I’m talking about a powerful hankering that comes over me about this time every year – about the time the weather starts getting warmer, the sun starts shining, and the days grow longer. A yen more powerful than the need for sleep. A hunger stronger than that for a meat and three plate with peach cobbler on the side.

I am powerless against it. Weak-willed. A veritable ninny.

You see, it is at this time of year I am compelled by forces of nature and heritage against which I cannot fight. I must, at any cost and as soon as everly I can, point my car south and drive until I run out of road and straight into the Gulf of Mexico.

And it’s not that I am just in need of a vacation.

To be fair, Husband and I just spent the loveliest of lovely weekends relaxing in a mountain cabin at DeSoto State Park. We exclaimed over the scenic vistas along Little River Canyon, toured historic Mentone, and shopped Collinsville’s Trade Days. We rested, relaxed, and returned to Birmingham refreshed.

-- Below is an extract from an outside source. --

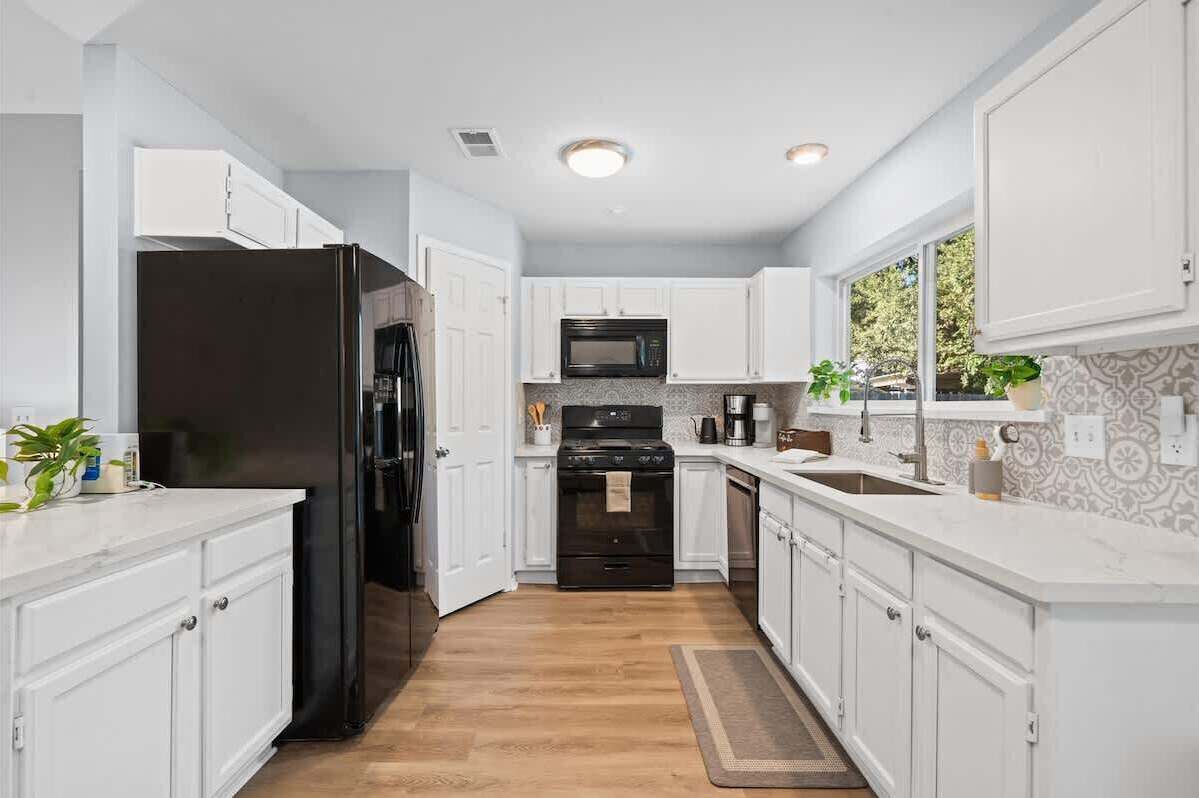 冰箱、微波炉、烤箱、炉灶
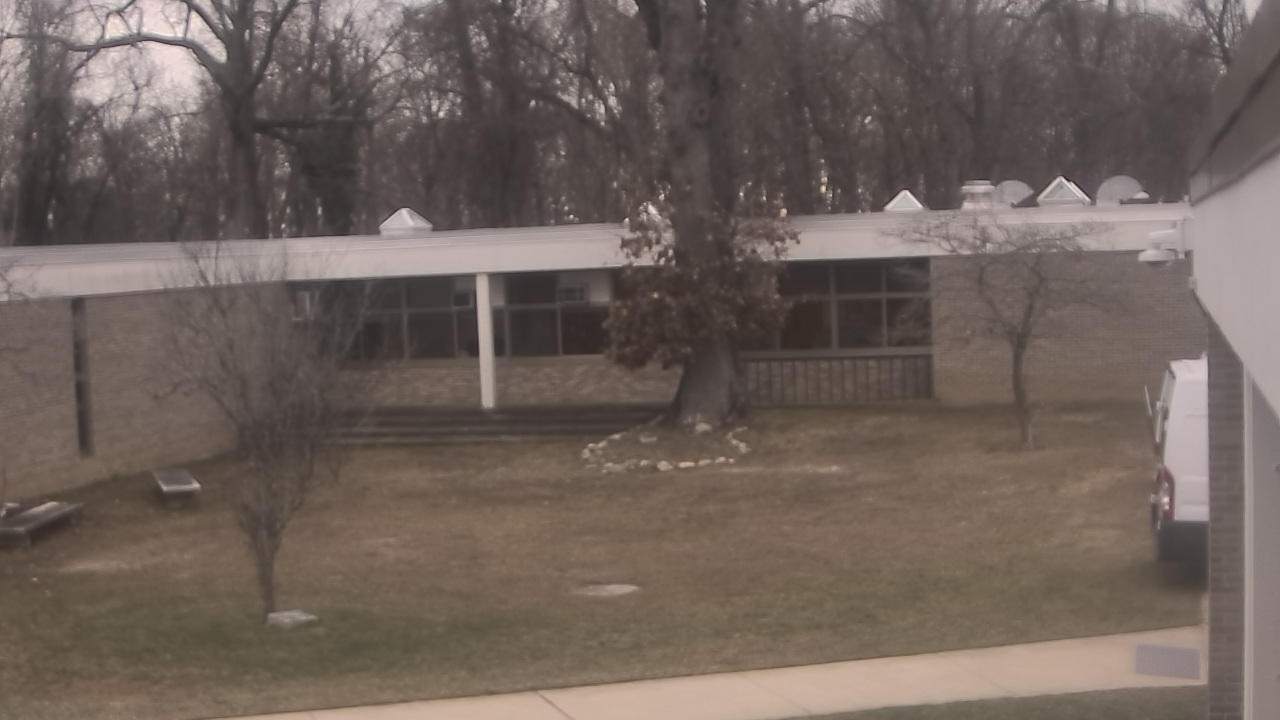 Thumbnail for current weather camera view from Cold Spring Harbor HS in Cold Spring Harbor, New York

But you see, Husband and I are fundamentally different in this one respect – he is from the mountains, North Georgia to be exact. His people clung to the craggy side of Sand Mountain and made their lives from the rock and hardwood tree.

While I think the mountains are perfectly nice and all that, I am not of the mountains. I am of the coast, a child of salt air, flat land, and piney woods. And no matter how long I have lived away from it, South Alabama is in my blood. It is who I am.

Even despite the high-rise condos and McMansions, hours long dinner waits, and every LSU fan in Christendom who feels compelled to put up a party tent in front of my puny umbrella, I still go back. There are still a few unmolested stretches of white sand beach to enjoy. Without waiting for two hours you can still find fried delicacies served in baskets along side of a beer that is colder than a mother-in-law’s love. And you can still watch the sun sink down past the edge of the earth, its sting still hot on your skin.

Yes, yes. The old clock is ticking. The time has come to head south.